The Biohazard team was filing out without Solomon. All of the disease had ended up in the puddle, which Biohazard took into custody. Solomon’s corpse was now a mere inert shell. Mark must’ve convinced them to let the Guild have the body for burial.
I climbed up to the third floor and entered the internal stair leading to Solomon’s quarters. A variety of weapons decorated the walls: bearded axes, slick Japanese blades, simple elegant European swords, modern tactical weapons . . . I came to an empty space between two bare iron hooks. Just large enough for a spear. My hope that the spear in Solomon’s neck belonged to the Steel Mary just went up in flames.
He could have anything he wanted, but he chose the spear. Why a spear?
The stairs led me to a hallway bordered by a balcony. Four floors below, in the main hallway, mercs mulled about, still shell-shocked. The front door of Solomon’s quarters hung ajar, its left side splintered. The Steel Mary must have shattered the wood around the lock with a single kick.

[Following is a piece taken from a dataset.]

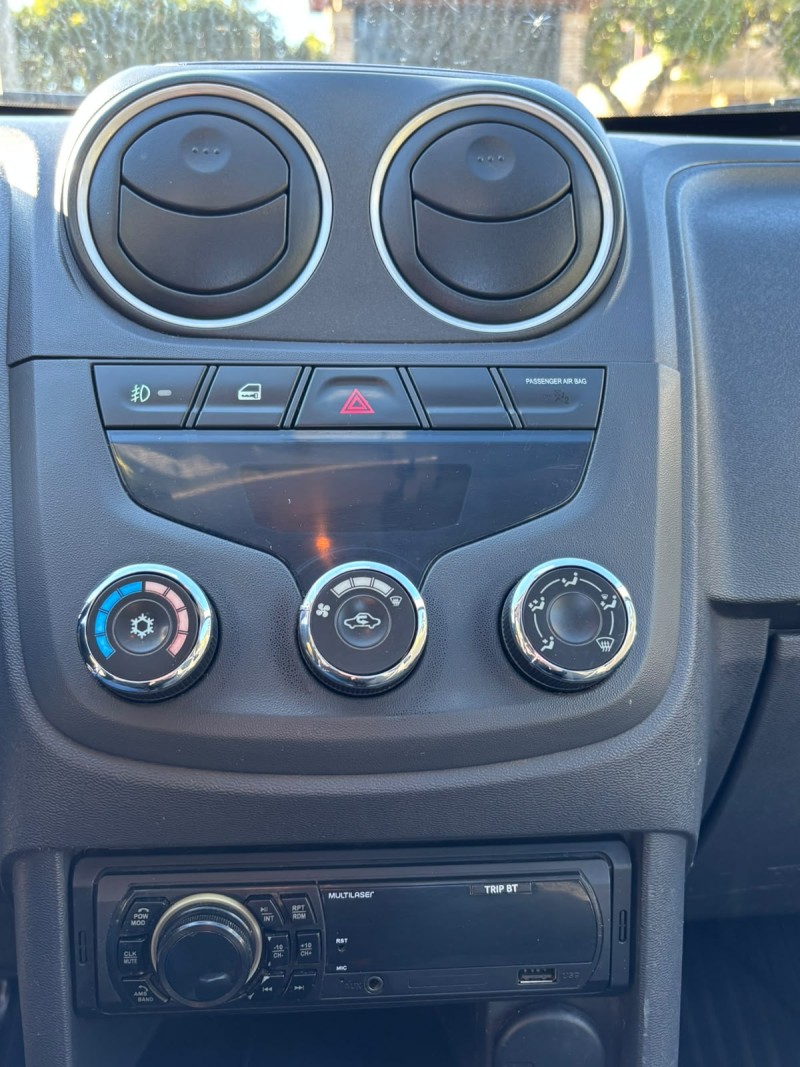 MONTANA 1.4 MPFI LS CS 8V FLEX 2P MANUAL - 2017 - BENTO GONçALVES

I stepped inside. Barren walls greeted me. No paintings broke up the malachite green paint. The plain, almost crude furniture supported no knickknacks. No photographs on the mantel over the small fireplace. No magazines on the coffee table. No books. The place resembled a hotel room awaiting a guest, instead of lived-in quarters.
I stepped through to the left into the bedroom. A simple bed, a simple desk with a flurry of papers. Chair overturned on the floor. Solomon must’ve been sitting here when the Steel Mary broke in.
A tape recorder lay on the desk. I picked it up and pushed play.
“Seven lines down. Sign,” Mark’s voice said. “Count three pages. Page six. Count three lines from the bottom of the page. Sign.”